Der Nucleus caudatus, Bestandteil der subcortical lokalisierten Basalganglien, ist bei Alkoholexposition häufig kleiner [2]. Diese Abweichung kann zu Problemen in der Bewegungskontrolle, der Lernfähigkeit und der Verhaltenshemmung führen.

Das Kleinhirn, welches eine wichtige Struktur für die exekutiven Funktionen, die Aufmerksamkeit und die Abstimmung von Bewegungsabläufen ist, kann ebenfalls Abweichungen aufweisen. Der Vermis, einem Teil des Kleinhirns, werden bei Schädigung durch intrauterine Alkoholexposition unzureichende verbale Lernfähigkeiten zugeschrieben [2].

In einer weiteren Studie konnte für das Volumen des Hippocampus, im Vergleich zur gesunden Kontrollgruppe, keine Veränderungen bei Menschen mit FASD festgestellt werden [5].
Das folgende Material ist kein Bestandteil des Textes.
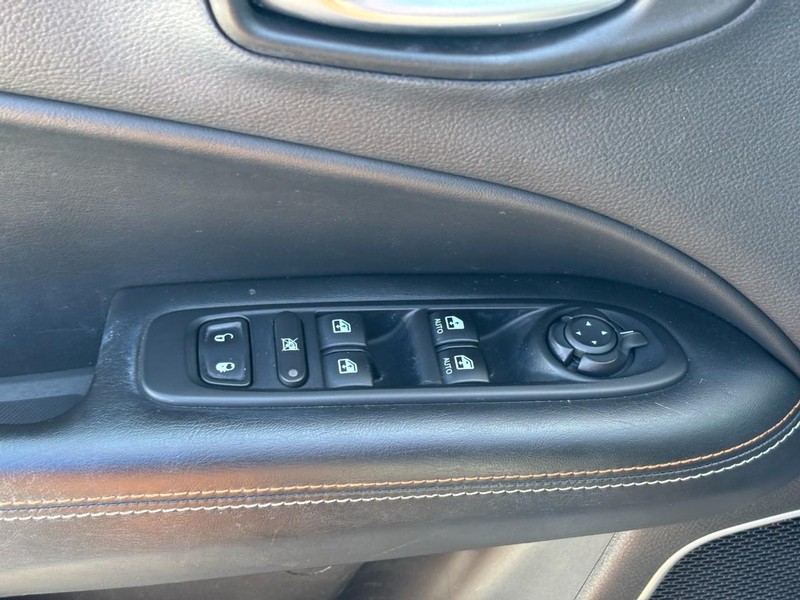 Jeep Compass Vehicle Image 18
Von FASD erfahrenen ÄrztInnen und PsychologInnen werden häufig ZNS-Auffälligkeiten in Form von Beeinträchtigungen der exekutiven Funktionen, der visuell-räumlichen Fertigkeiten, der emotionalen Regulation, der Aufmerksamkeit und des Verhaltens bei Menschen mit FASD beschrieben. Diese im klinischen Alltag beobachteten Auffälligkeiten resultieren aus den oben beschriebenen strukturellen cerebralen Veränderungen. Häufig sind diese alkoholtoxischen Schäden auf die (mikro-)zelluläre Ebene beschränkt, so dass keine größeren strukturellen Veränderungen in bildgebenden Verfahren, wie der Magnetresonanztomographie (auch bei 1mm-Schichtung), zu sehen sind. Bildgebende Verfahren zählen somit nicht zu den Standarddiagnosetools für FASD, da sie nicht als Screening-Instrument etabliert sind und Spezifität und Sensitivität bisher unbekannt sind [6]. Daher gelten die beschriebenen strukturellen Schädigungen des ZNS, mit Ausnahme der Mikrocephalie (Kopfumfang unter der 3.Perzentile), auch nicht als Diagnosekriterien für die FASD in der S3-Leitlinie.

Literatur (Auswahl)

  1. Ehrhart F, Roozen S, Verbeek J et al. (2019) Review and gap analysis: molecular pathways leading to fetal alcohol spectrum disorders. Mol Psychiatry 24:10-17.
  2. Caputo C, Wood E, Jabbour L (2016) Impact of fetal alcohol exposure on body systems: A systematic review. Birth Defects Research Part C: Embryo Today: Reviews 108:174-180.
  3. Ciafrè S, Ferraguti G, Greco A et al. (2020) Alcohol as an early life stressor: Epigenetics, metabolic, neuroendocrine and neurobehavioral implications. Neurosci Biobehav Rev 118:654-668.
  4. Rb Liyanage V, Curtis K, M Zachariah R, E Chudley A, Rastegar M (2017) Overview of the genetic basis and epigenetic mechanisms that contribute to FASD pathobiology. Current topics in medicinal chemistry 17:808-828.
  5. Archibald SL, Fennema‐Notestine C, Gamst A, Riley EP, Mattson SN, Jernigan TL (2001) Brain dysmorphology in individuals with severe prenatal alcohol exposure. Developmental Medicine & Child Neurology 43:148-154.
  6. Landgraf MN, Heinen F (2016) Fetale Alkoholspektrumstörungen: S3-Leitlinie zur Diagnostik. Kohlhammer Verlag.